Tensions between China and Taiwan are reaching a boiling point, and many signs point to Chinese military action to seize the island by force, possibly in just a few years.
While a Chinese invasion of Taiwan would be an incredibly complex and dangerous operation, influential China watchers are sounding the alarms over preparations almost certainly needed to seize the island — a buildup of China’s naval forces, energy and food stockpiles, and large-scale military drills just off its coast.
“I don’t think they lack for anything that they need,” Lyle Goldstein, director of Asia engagement at Defense Priorities, said of China’s forces. “You could always ask the question, ‘Could they be more ready?’ and I suppose there are some certain areas, but I, for a long time, maintained they have what they need to undertake the campaign.”
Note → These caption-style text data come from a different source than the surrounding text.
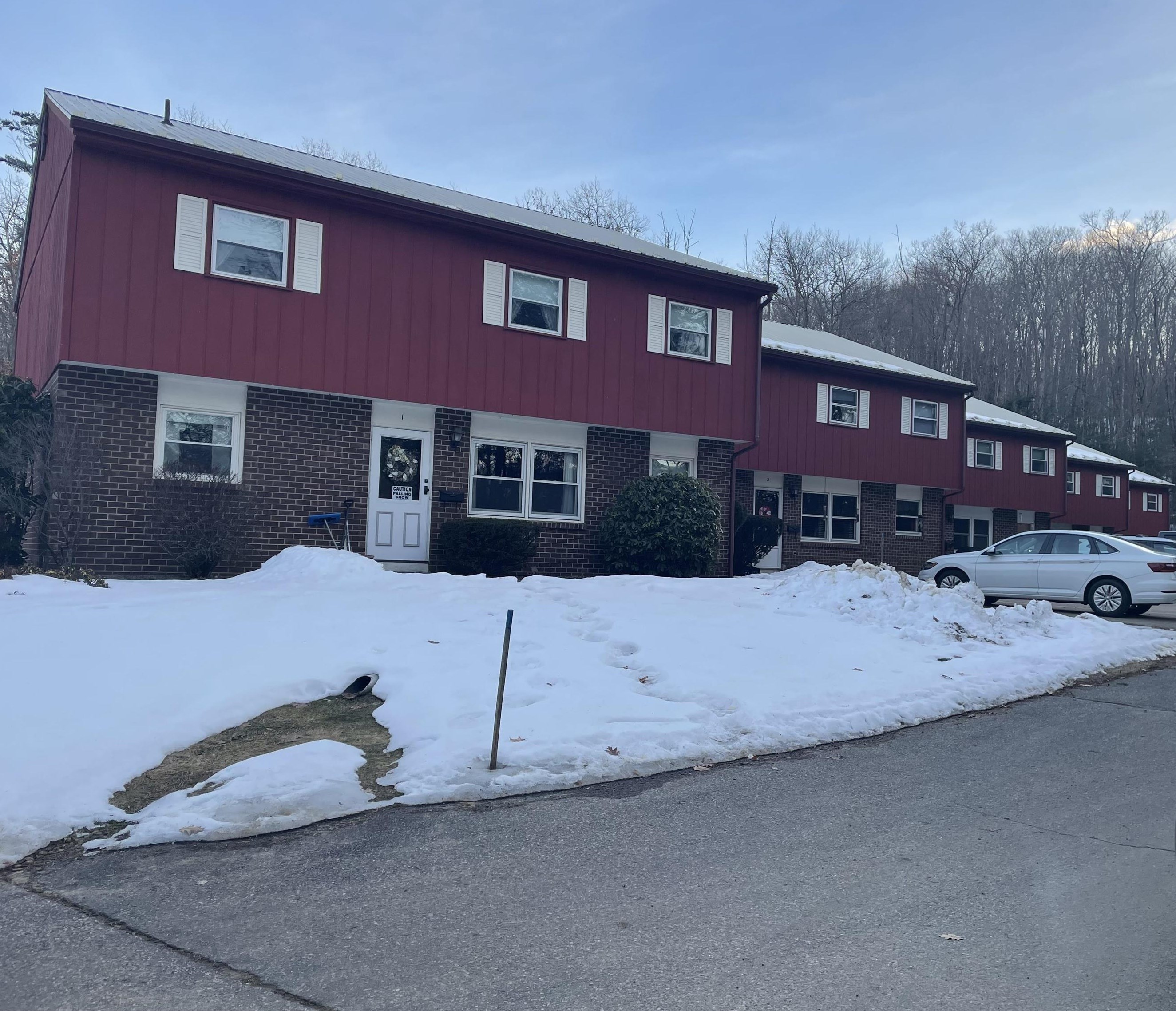 30 South St #unit 5, Laconia, NH 03246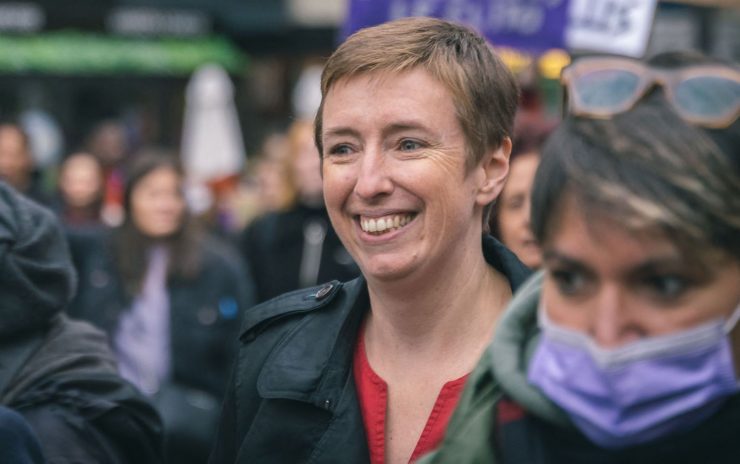 La militante néo-féministe Caroline De Haas décroche un juteux contrat avec le Conseil d’État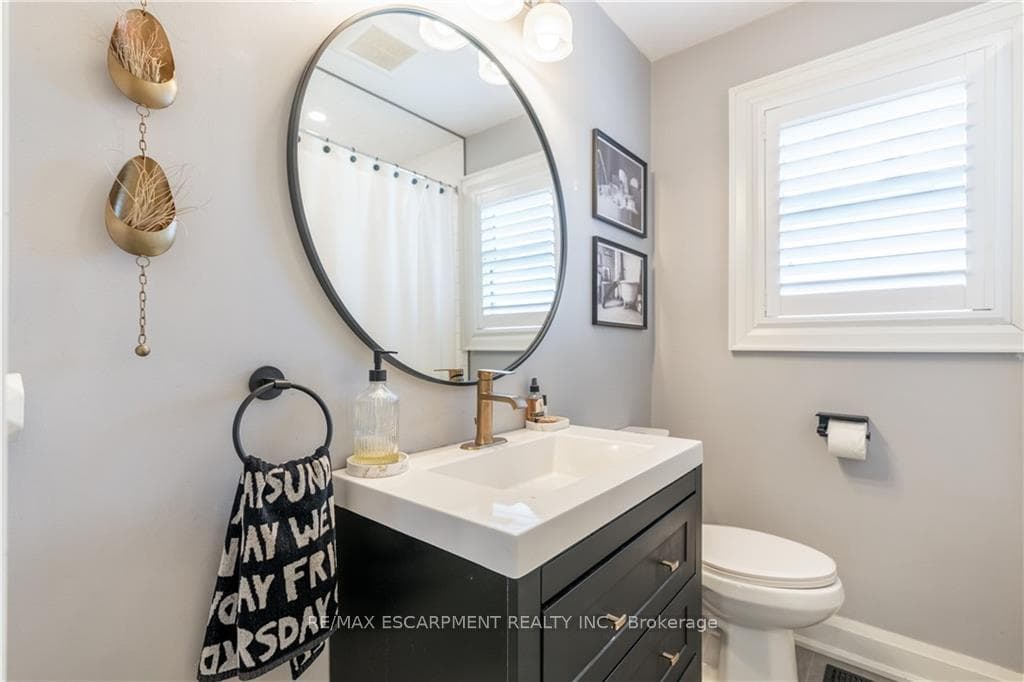 64 Leslie Avenue photo 17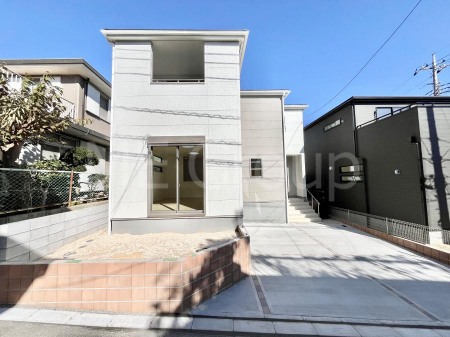 ���n�O�ώʐ^�@�������ꂽ�O�ρA�㎿�ȏZ��Ԃ��L���鎺���͉i�����S���ĉ߂�����Z���ł��B 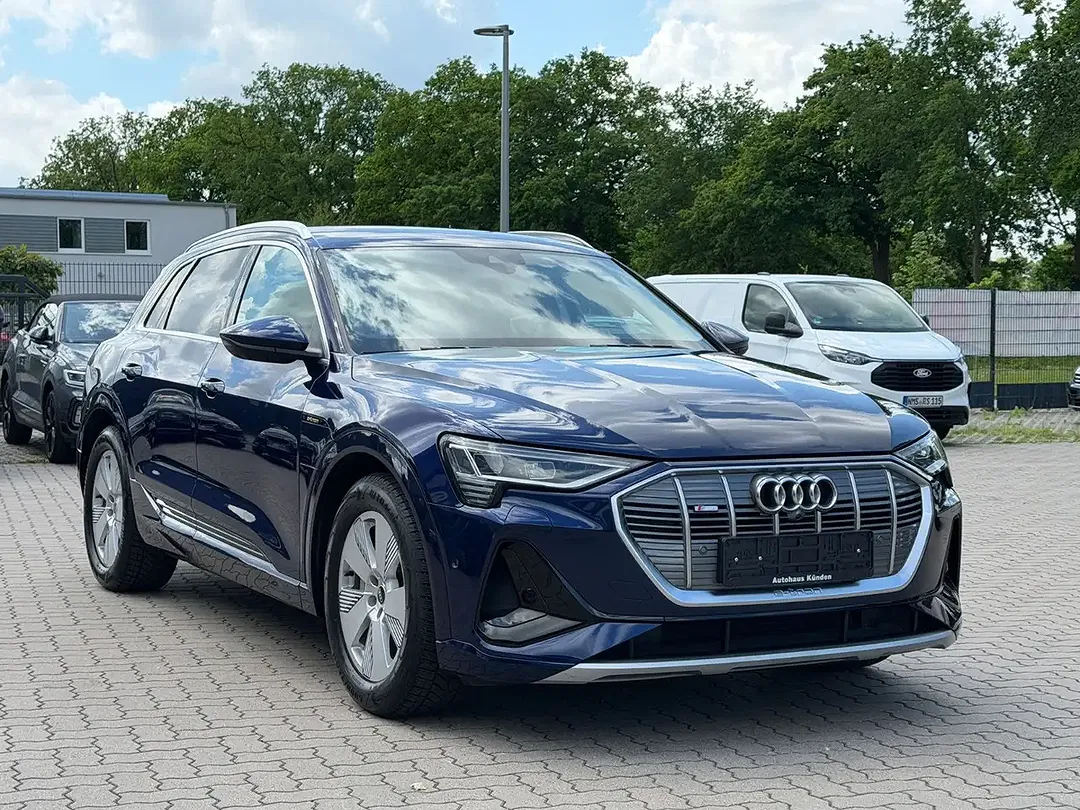 Audi e-tron 50 quattro S line - foto 2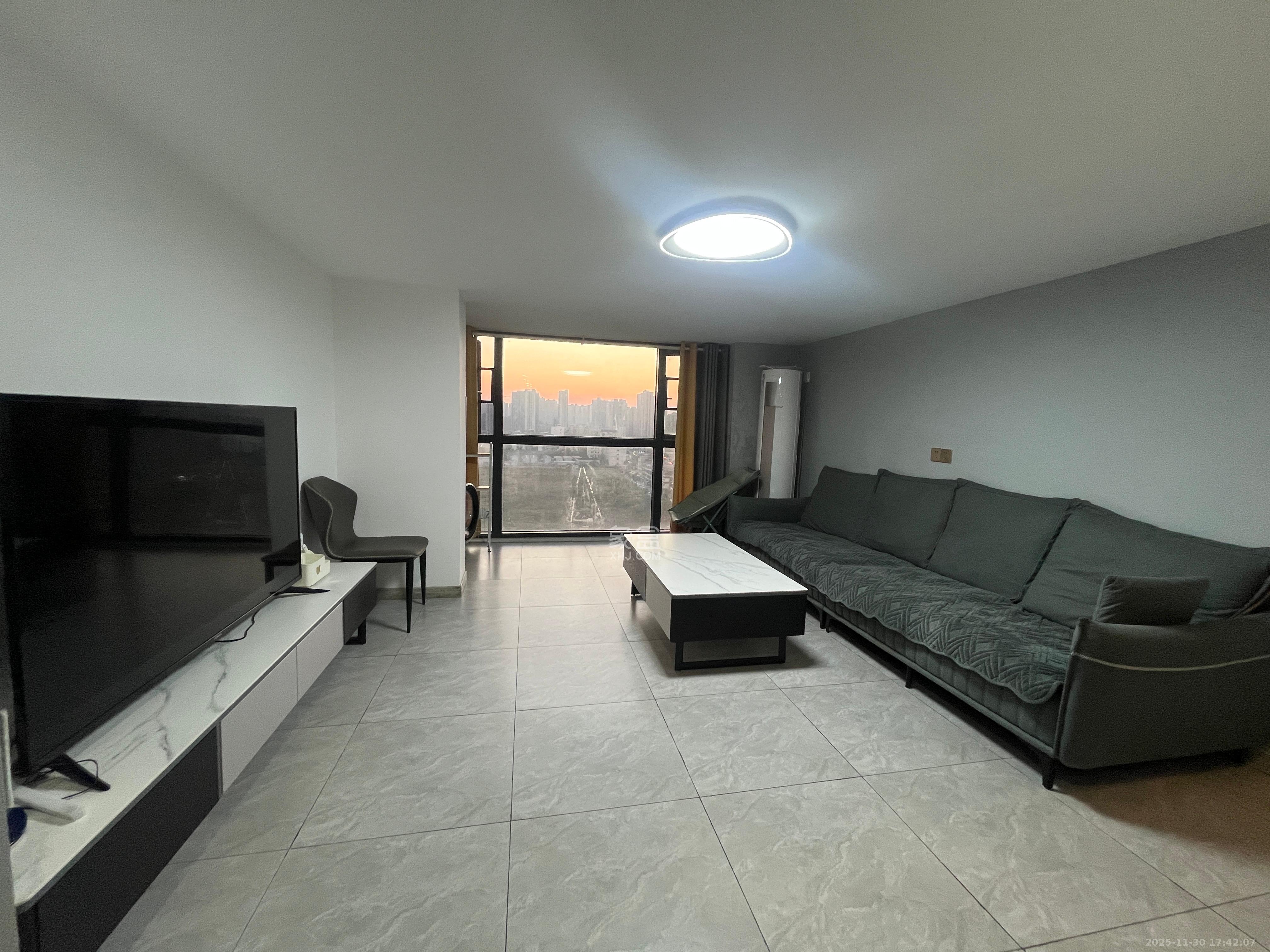 振业城三期  2室1厅1卫    2500.0元/月室内图1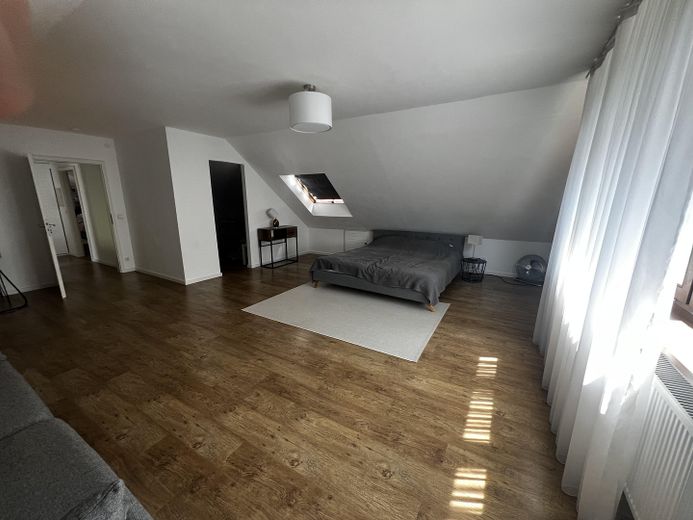 Großzügiges Haus mit modernem Komfort , Provisionsfrei – Schlafzimmer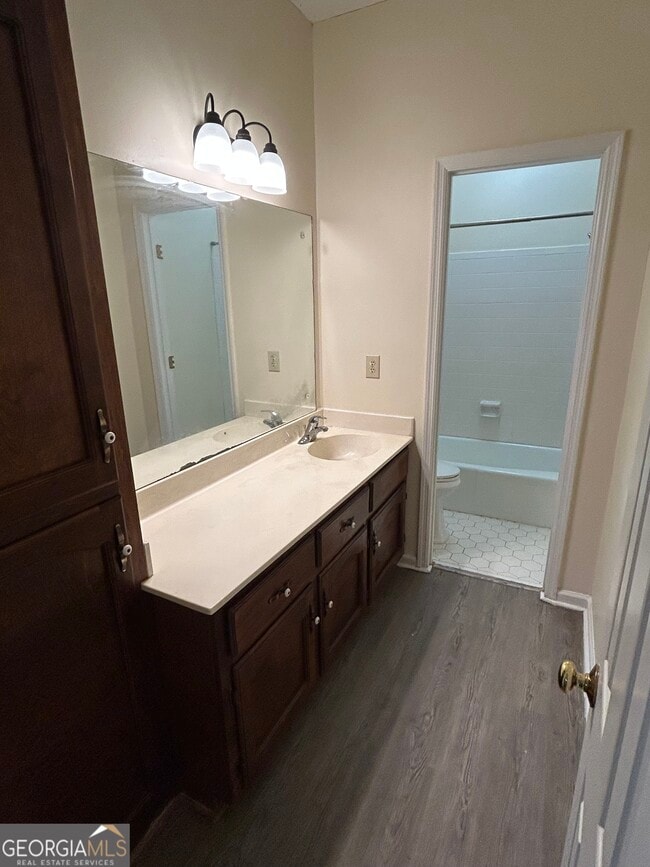 Building Photo - 250 Cleveland Rd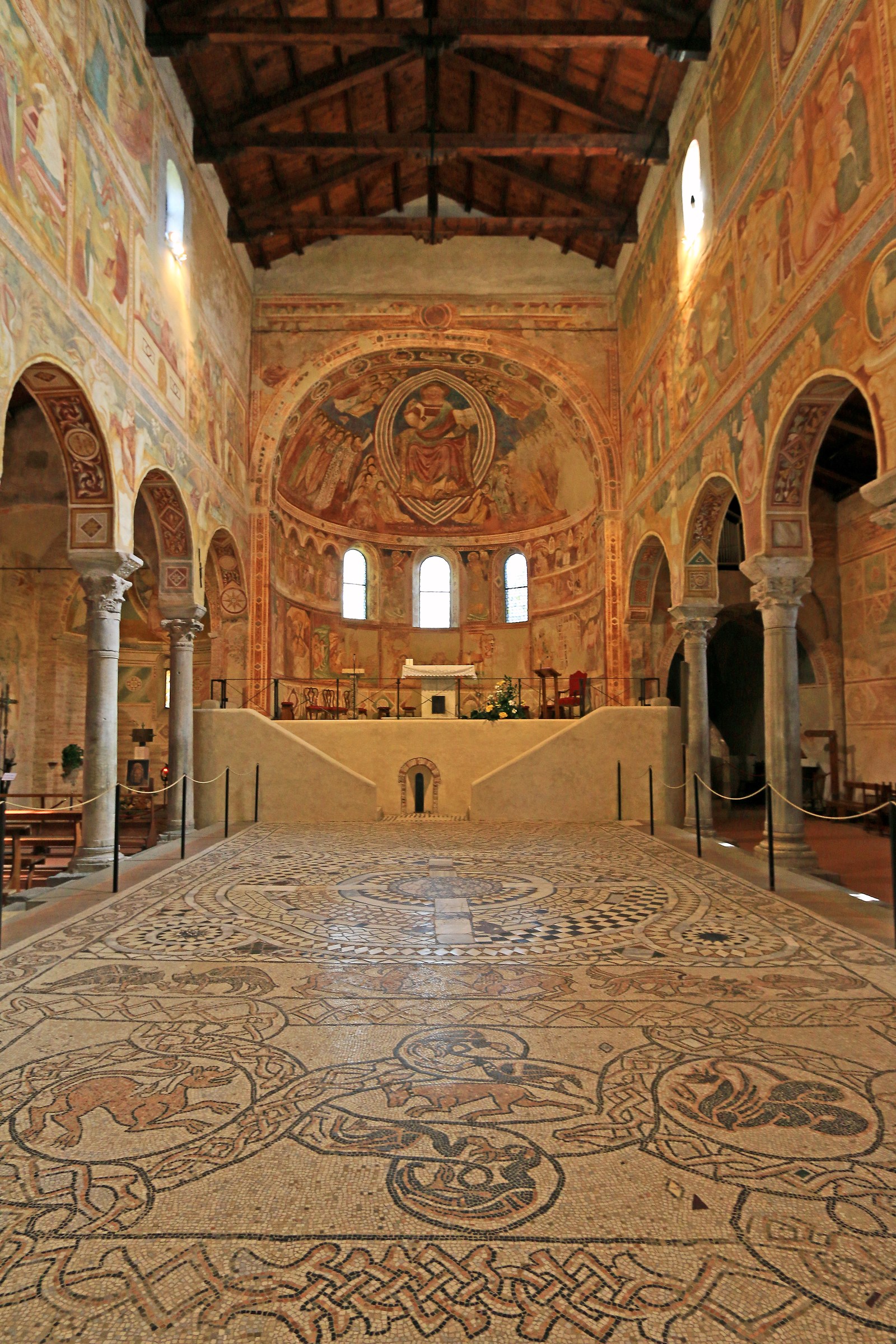 Pomposa Abbey: interior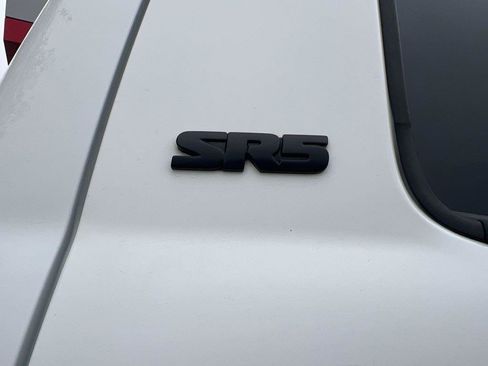 Used 2020 Toyota Tundra SR5 image 9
China has pushed a rapid modernization of its armed forces over the past two decades that has alarmed US military officials and opened China leader Xi Jinping’s options for how to reunify Taiwan, the democratic island of 24 million that Beijing views as a breakaway. China’s navy, for example, has surpassed the size of the US fleet and its shipbuilding capacity is easily the largest in the world.
But there are questions around the quality of China’s warships despite the sheer numbers, and whether it has the capacity for an amphibious assault against Taiwan’s advanced weapons.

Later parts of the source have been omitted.